An international school
Usually, when speaking of an international school, people imagine a private institution to which ambitious parents send their children, hoping to give them a good start for their career. This is not the case with the Michle school. It is designated for children with autism or with a combined handicap. Despite its specialism, the school is still international: the management is not afraid of accepting the children of people from other countries, although it is not common practice.
The most difficult part of teaching children with complicated handicaps is communication. How do we speak to them to make sure they are able to acquire at least an elementary understanding of the matter? There are, of course, time-proven, efficient methods teachers find very helpful, such as communicating through pictures that depict common situations in a regular school day.
This way, they are able to agree with their students about the fact that, for example, they are going to do some studying first, then they are going to take a break, have a snack, then study again, have lunch, and then go home. On the other hand, one must always keep in mind that every student with a handicap is unique, and the way to achieve mutual understanding is usually original, different for every student.
Now, when you add a language barrier, and possibly also a different cultural code, to all of the above, you are faced with quite a demanding task indeed. This is why most special schools in the Czech Republic turn down, as politely as possible, children of foreigners, especially those that come from non-European countries.
However, the Michle Diaconia school does not turn down applications filed by foreigners.

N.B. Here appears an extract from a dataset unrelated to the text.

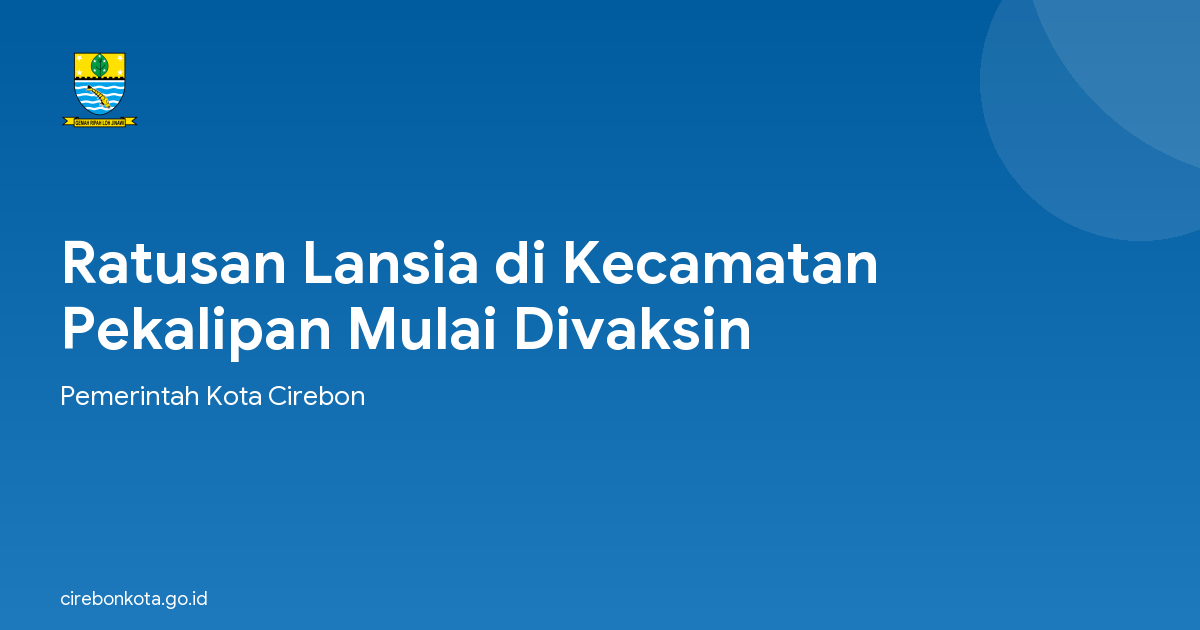 Ratusan Lansia di Kecamatan Pekalipan Mulai Divaksin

Apart from the majority of Czech students, we can also find children of parents from China, Vietnam, Brazil or Singapore. This means more work for the local teachers and assistants, but it also makes it more enjoyable. This year in November, the father of thirteen-year-old Jii Liang was the one to bring some fun and excitement to students and teachers alike.
The painting and the smiles of the Chinese friends
Mr. Tu Shao Hua has been working in the Czech Republic for a long time, dealing with tourism between the Czech Republic and China. He had been wondering how to thank the school for giving his son with Down’s Syndrome the special education he needed. He came up with a very original idea: to bring a painter from China, a good friend of his, to Prague. He would donate a painting to the school, one that he would actually paint directly on the premises of the school…
Mr. Tu would not provide any more information. However the date was arranged, so the staff at the school prepared some coffee and refreshments – and waited.
The morning with the painter, Mr. Zhao Wei, turned out to be a big success. It was a friendly meeting, full of smiles that were able to overcome any communication or other barriers. Mr. Zhao really did paint an abstract painting, before the eyes of the students, using oil colours, brushes, and an ordinary fork from the local cafeteria. Members of his large team also brought numerous presents to the students of the school.
The visitors mentioned several times that they would be interested in further cooperation and supporting the school. The painting is now drying on the wall of the director’s room (it will probably become part of one of the charity auctions). Mr. Tu, who had organised the whole event, seemed pleased.